Stability was measured using a relative level of residual absorbance after incubation for 1 to 6 h. The results indicated that the pigment decayed over time, as shown by an intolerance to high temperature (>40 °C) and long exposure to UV (>3 h) as depicted in Fig. 4. The color intensity of the red pigment after autoclaving and pasteurization decayed 30.57% and 5.41%, respectively (Table 2). The results were similar to those of Faber et al. (1993) who studied the pigment of Monascus ruber and found that it was seriously affected by light exposure, temperature, and pH. The pigment was more stable at basic or neutral pH. These properties suggest that the pigment from M. purpureus CMU001 is useful for some applications in the food industry with products used at low temperatures.

Fig. 4
figure 4

Relative absorbance of color variation with time (h), incubation at different temperatures and UV light

Table 2 Intensity of red pigment after testing for stability

Moreover, the stability of pigment from Monascus has been widely studied by others such as Carvalho et al. (2005) who reported that the pigments are unstable at low pH and high temperature and possible due to the fact that the extract is a mixture of pigments, whose degradation may present decaying behavior.
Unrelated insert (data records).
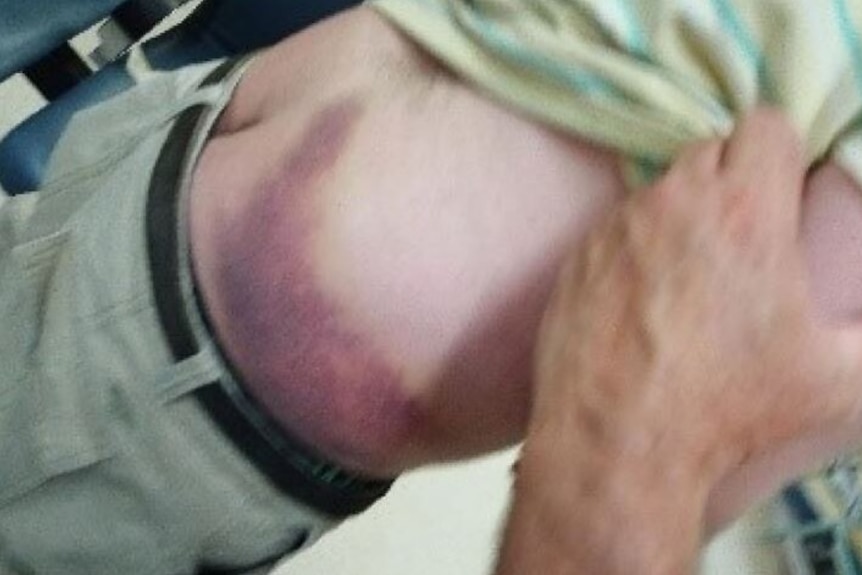 A large purple bruise on the bottom half of a man in a green t-shirt.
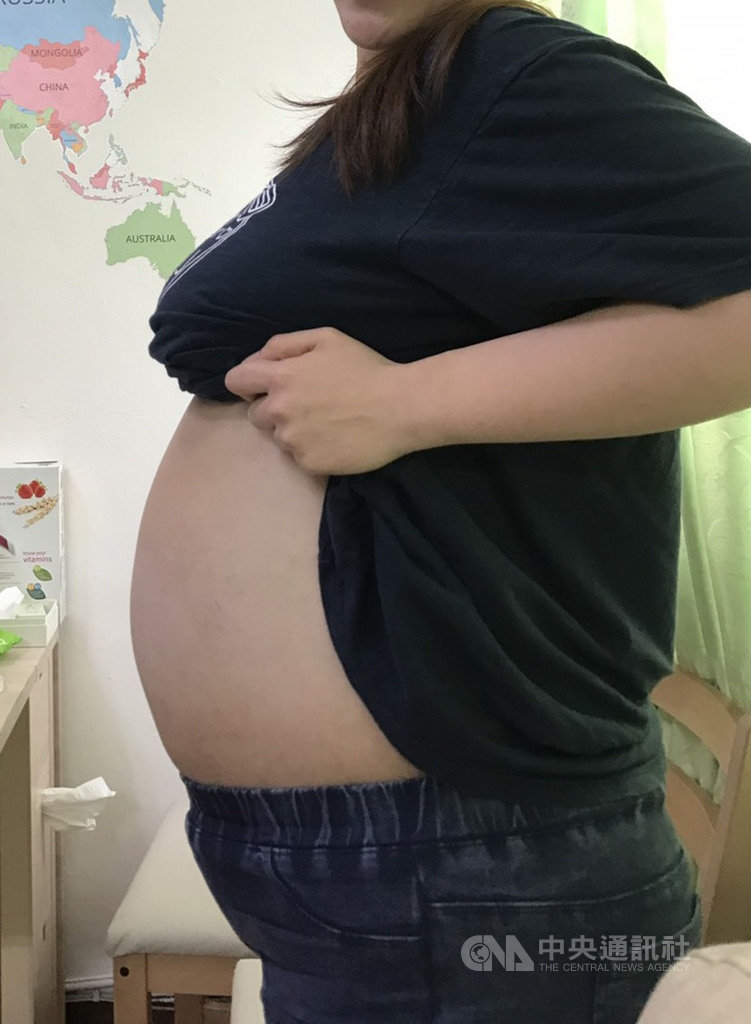 28歲的小如從小圓潤,步入職場後開始努力減重,但臉尖了、四肢瘦了,只有肚子消不下去,就醫檢查發現輸卵管長了40公分的大水瘤。圖為手術前。(國泰醫院提供)中央社記者陳偉婷傳真 108年6月11日
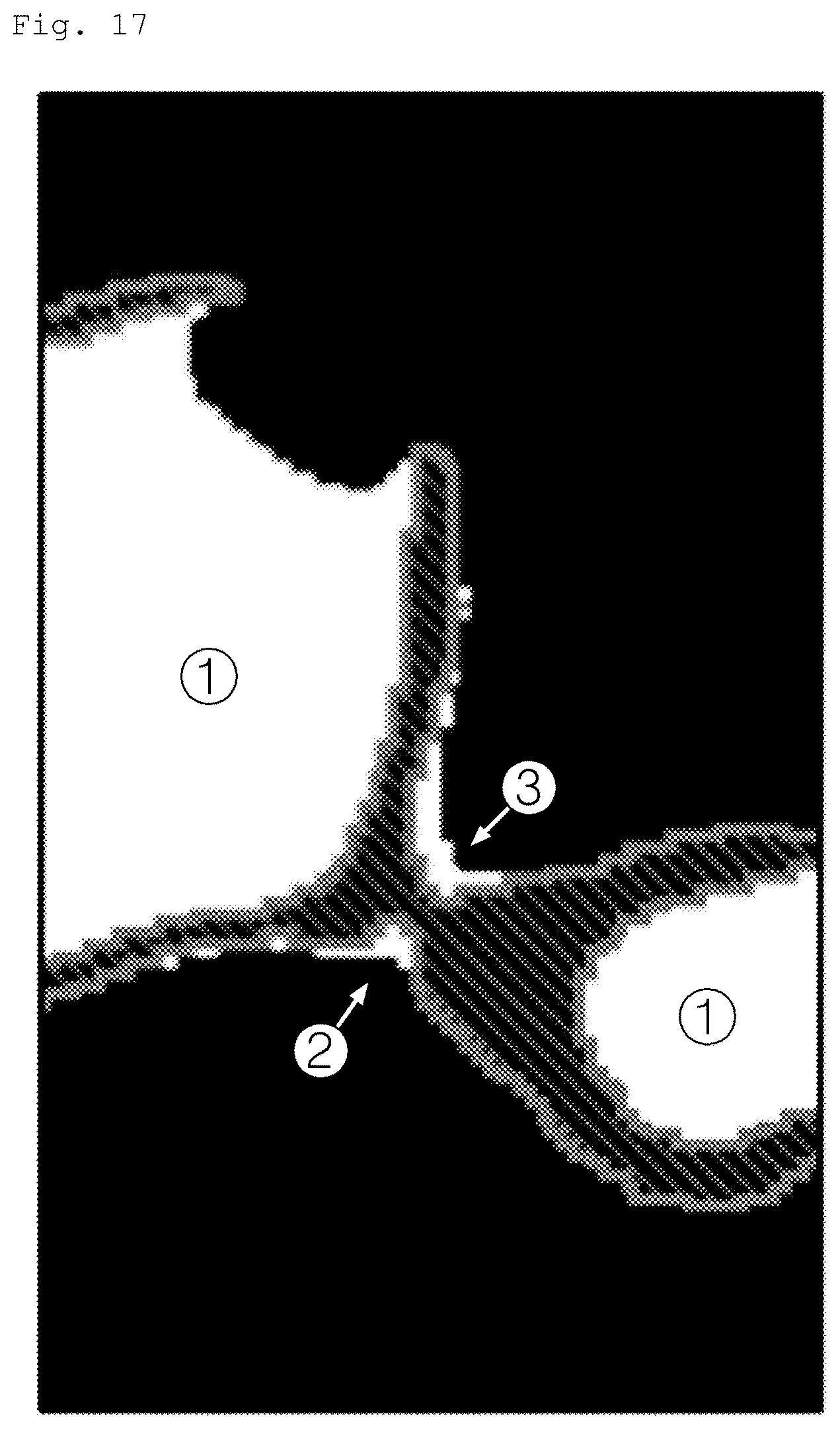 Patent US12586228 Figure 17 – Device and method for calculating atrial wall thickness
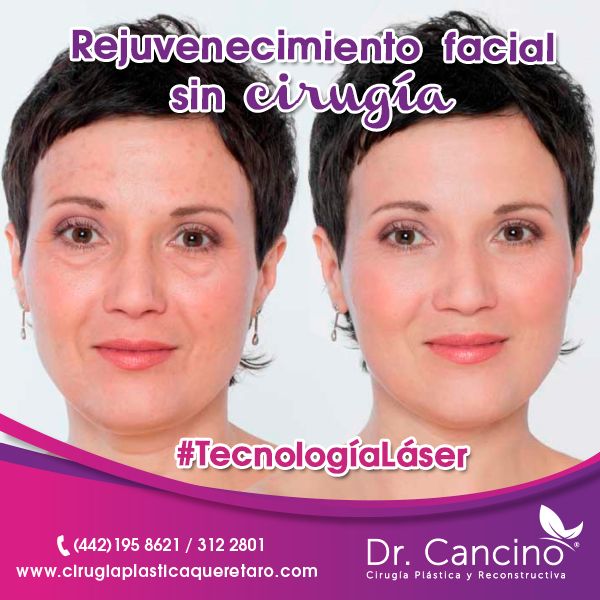 Luis M. R. Cancino-46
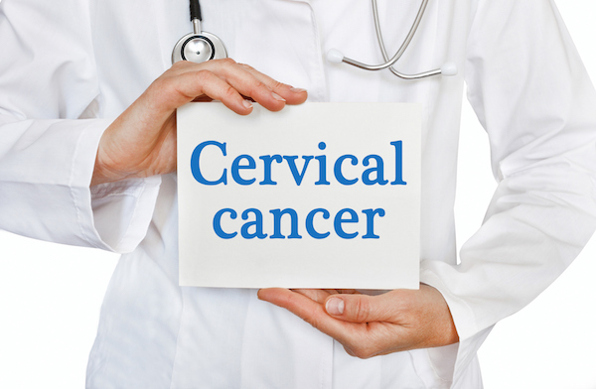 Cervical Cancer What You Need To Know 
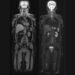Aarthi Scans and Labs Launches ‘Vital MRI’: A New Chapter in Preventive Healthcare with Full Body MRI Scans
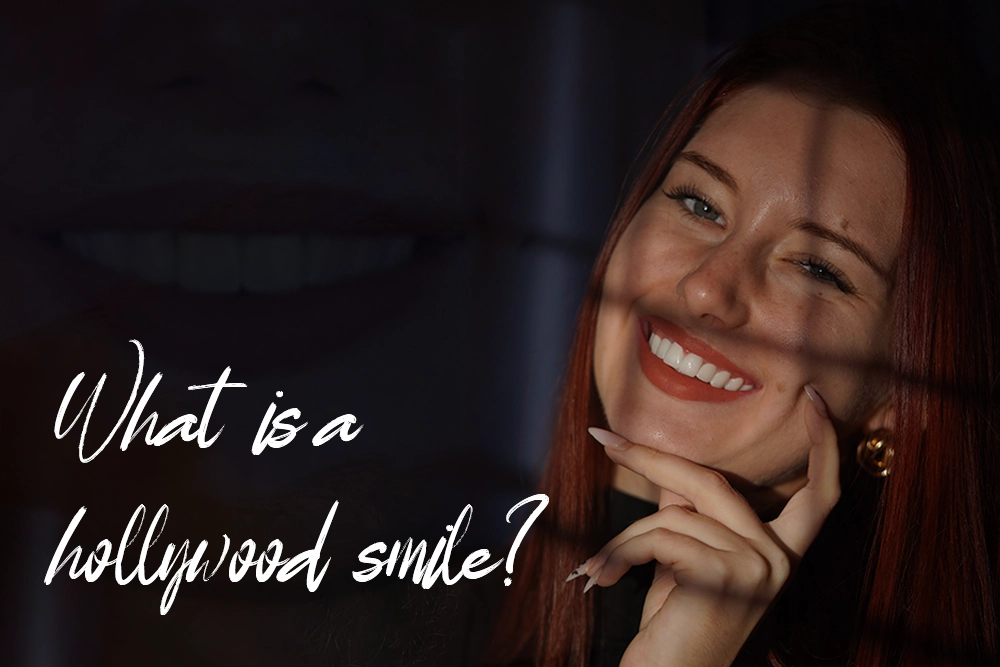 What Is a Hollywood Smile?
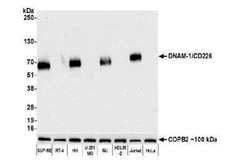 DNAM-1/CD226 Antibody (BLR063G), Novus Biologicals 100 &mu;g, Unconjugated:Antibodies,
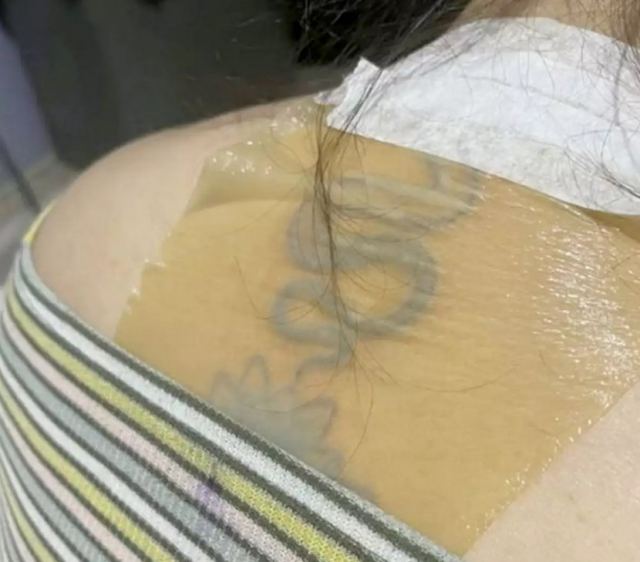 Αγνόησε τις οδηγίες και έκανε ηλιοθεραπεία – Το τατουάζ της φούσκωσε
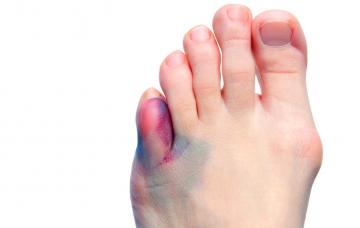 Signos y síntomas de una fractura de dedo Síntomas de una fractura de dedo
Lin and Demain (1992) reported that the pigments are stable over a wide range of pH and autoclaving.

Conclusions

From the results, it can be concluded that TGY and YM were the most favorable for growth of M. purpureus CMU001. Cultivation on PDB at 30 °C gave the highest pigment yield. Pigment production in this fungus can be achieved by solid-state fermentation technique using agricultural product other than rice. Corn meal supplemented with 8% (w/w) glucose was a suitable substrate for pigment production. However, the application of the pigment in food processing is restricted. Our research has also showed that cheap agricultural products and residues that are readily available in Thailand are a suitable substrate for pigment production and this usage reduces the cost of waste disposal.